This raises an important question: could leaving encoders in "auto" threading mode, while running many encoders in parallel, lead to overcommitment of system resources and unnecessary overhead? Fortunately, most encoders allow for manual threading specification:

ffmpeg -i source.ts -threads 8 ... # works with x264, x265

ffmpeg -i source.ts -c:v omx_enc_hevc -omx_core libomxil_core.so -omx_name OMX.MainConcept.enc_hevc.video -omx_param "num_threads=8" ... # for the MC HEVC FFmpeg Plugin

sample_enc_hevc -num_threads 8 ... # for the MC HEVC Sample Encoder

That is why we designed an experiment to investigate this using the MainConcept HEVC/H.265 Video Encoder. On our Kubernetes cluster, we started a large set of parallel encodings that completely used the capacity of a single node, varied the num_threads settings and measured the resulting FPS for every encoder. Each encoder ran in a container in a pod with a CPU limit of 6 (which was an educated guess for a reasonable trade-off between compute and I/O). To completely saturate the cluster and ensure repeatability, we ran a total of 100 encodings per tested num_threads setting. The result of this experiment is visualized in the following box plot:

As can be deduced from the result, the auto setting, meaning num_threads=0, is suboptimal in terms of encoding performance. It is also very reasonable and unsurprising that using fewer threads than the number of cores assigned (num_threads<cpu_limit) did not deliver good performance because computation time is simply not used.

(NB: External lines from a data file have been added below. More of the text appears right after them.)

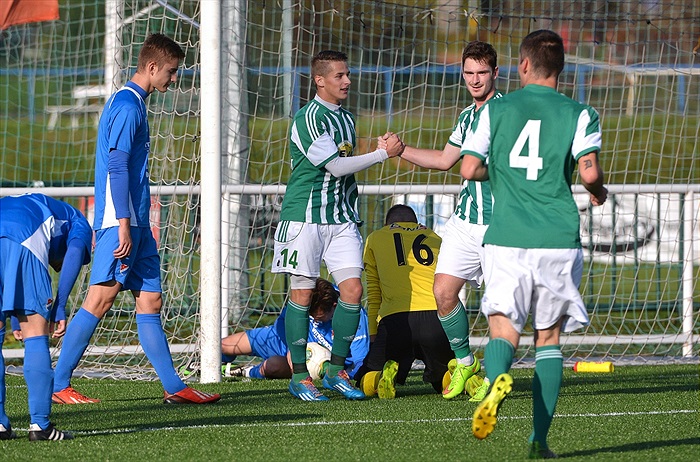 Bohemians Praha 1905 - FC Baník Ostrava 2:1 (2:0) 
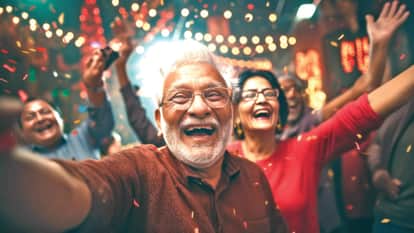 Age is like a flower: life is about acceptance, not regret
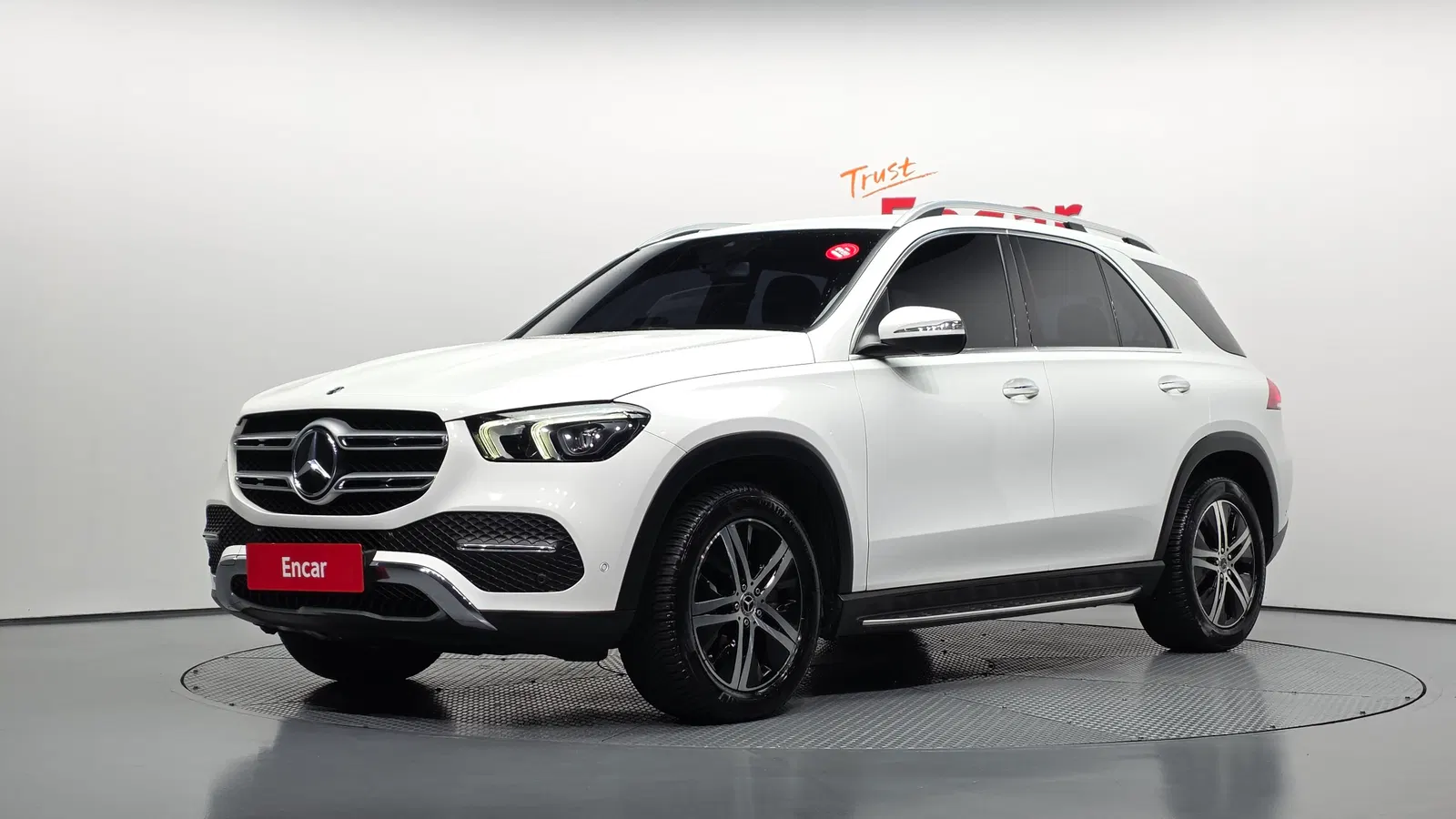 Mercedes-Benz GLE GLE300d 4MATIC (W167) 2019 — photo 1 sur 20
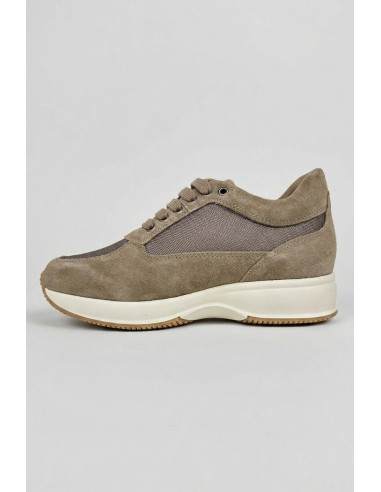Lumberjack sneaker in pelle scamosciata e tessuto Raul 10226914 [866f74d0]
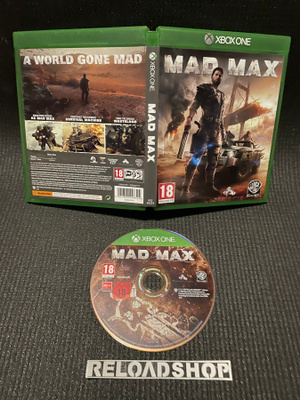 Mad Max Xbox One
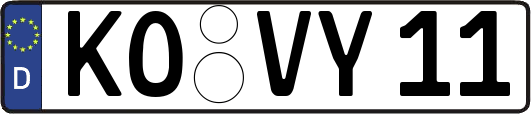 KO-VY11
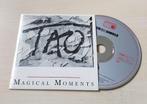 Tao - Magical Moments CD Single 1988 3trk, Ophalen of Verzenden, Zo goed als nieuw, Pop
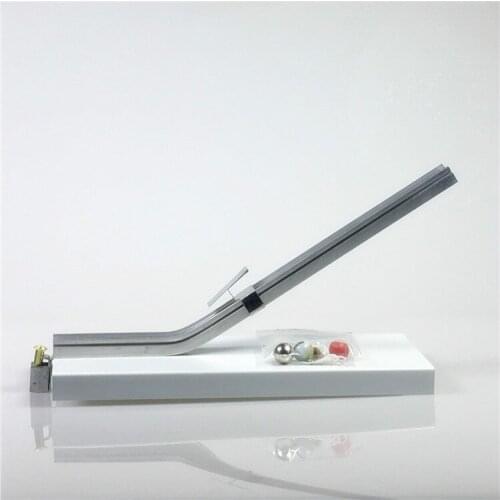 Newtonian Physics Collision Ball Momentum Conservation Law Billiards Physics Experiment Teaching Instrument Equipment Lab Supply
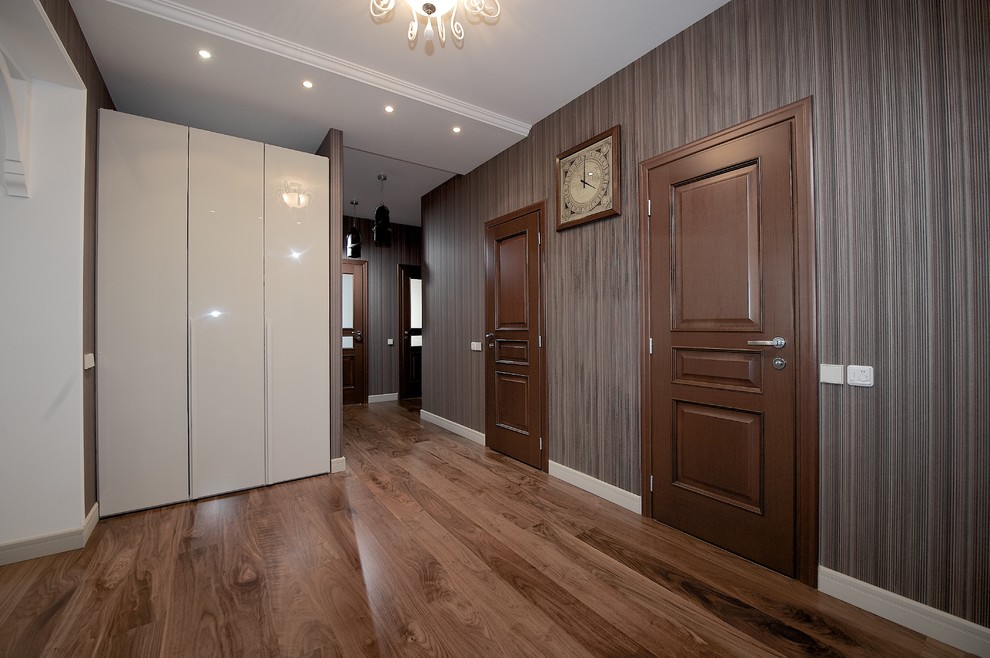 Интерьер квартиры 120 кв.м.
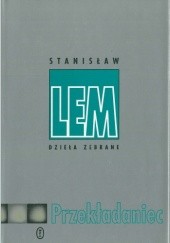 Okładka książki Przekładaniec Stanisław Lem, Jan Józef Szczepański
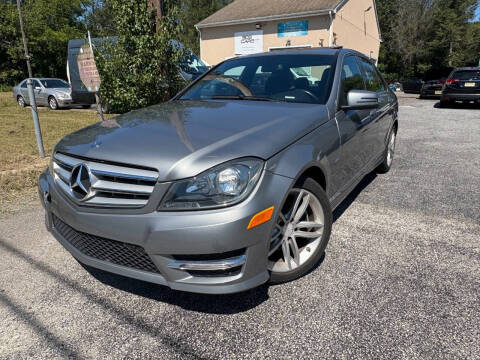 2012 Mercedes-Benz C-Class C 250 Luxury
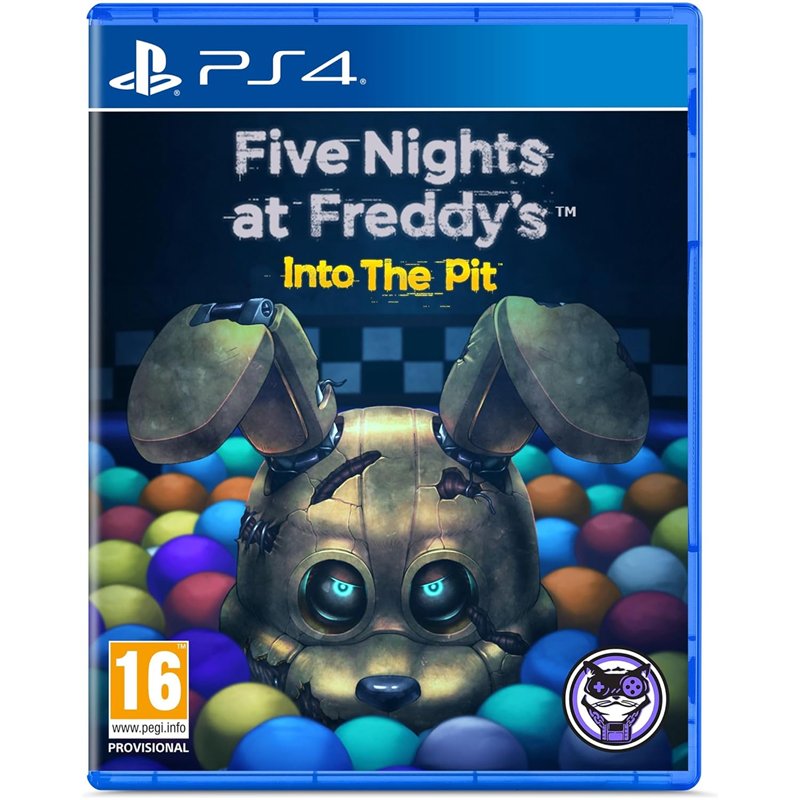 Five Nights At Freddy’s: Into The Pit PS4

The highest performance was achieved in this experiment when the number of threads was equal to the number of CPU cores. Interestingly, the average performance initially dropped slightly when using more threads than cores (16, 32) and then rose again and leveled off for the greatest number of threads (512) being evaluated. The box plot shows that FPS measurements are also quite noisy and often have significant outliers. With the result of this experiment in mind, we can continue and optimize for maximum throughput by varying the number of parallel encodings and the CPU limits.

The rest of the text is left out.